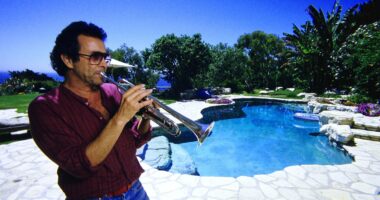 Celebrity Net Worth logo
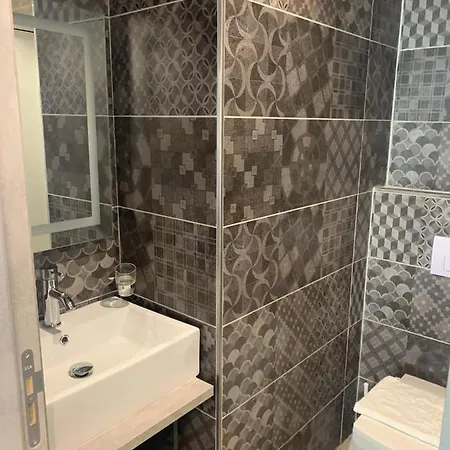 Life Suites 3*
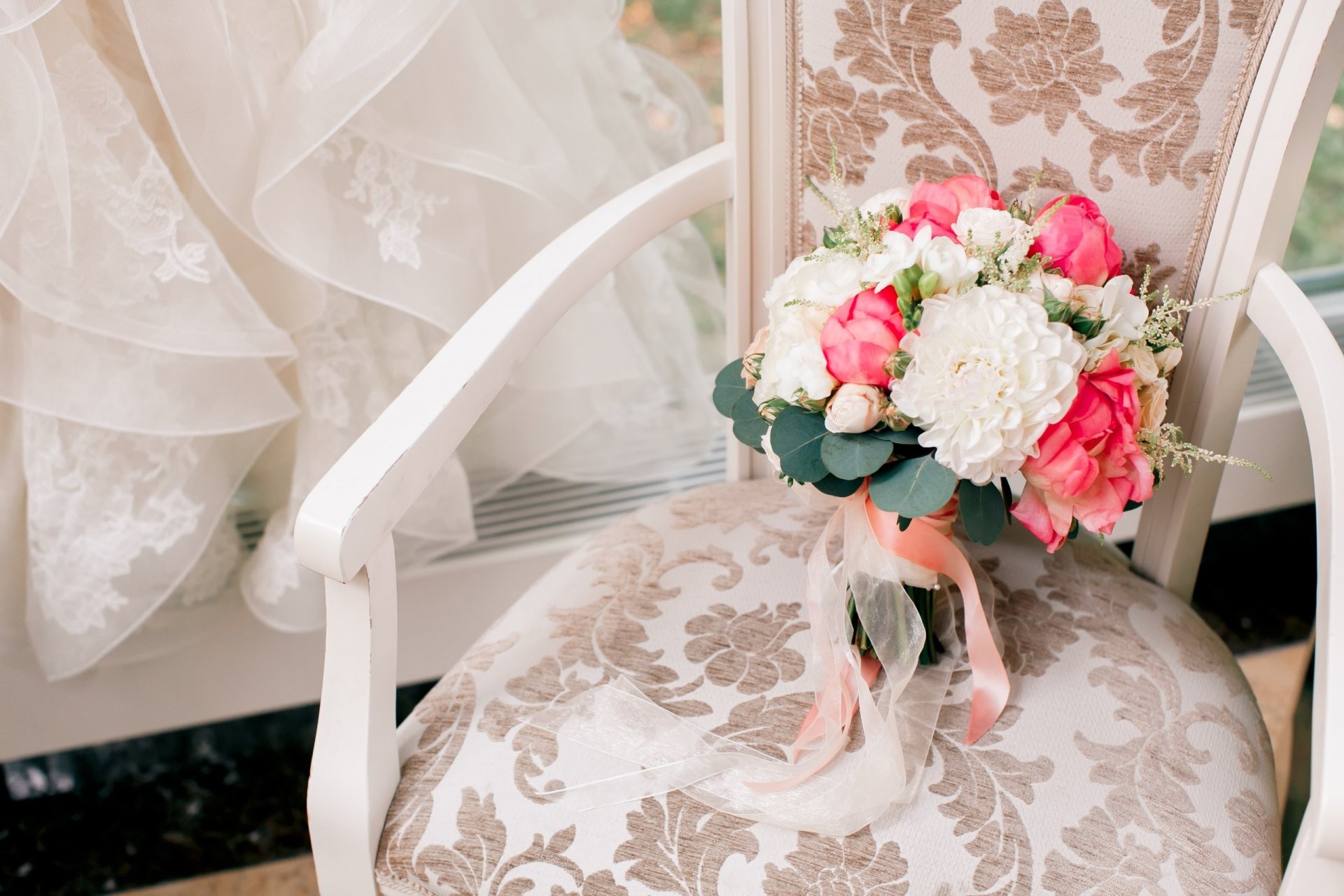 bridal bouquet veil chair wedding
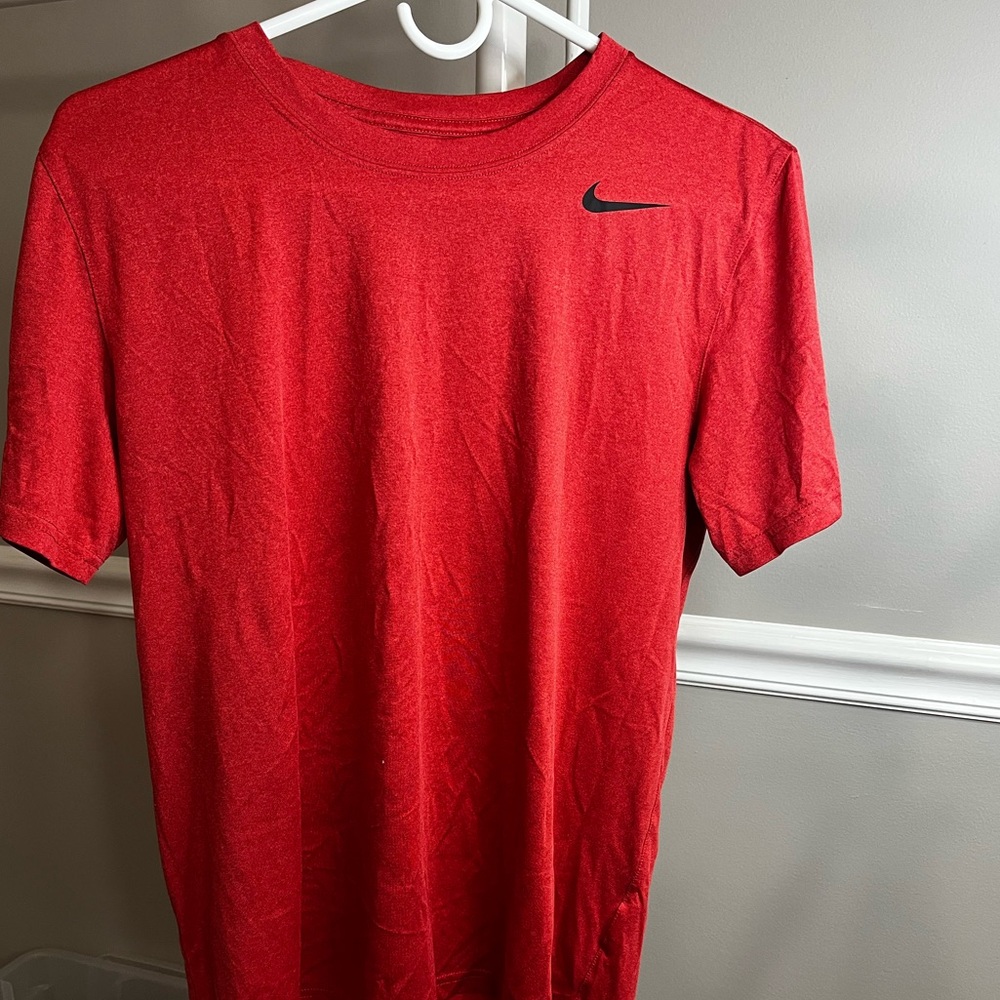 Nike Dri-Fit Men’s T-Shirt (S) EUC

------------------------

» **Action item**:
If a picture falls within the lines from the one containing "bridal bouquet veil chair wedding" through the end of the material, leave it out while repeating those lines exactly.

» **Your response**:
 bridal bouquet veil chair wedding
 Nike Dri-Fit Men’s T-Shirt (S) EUC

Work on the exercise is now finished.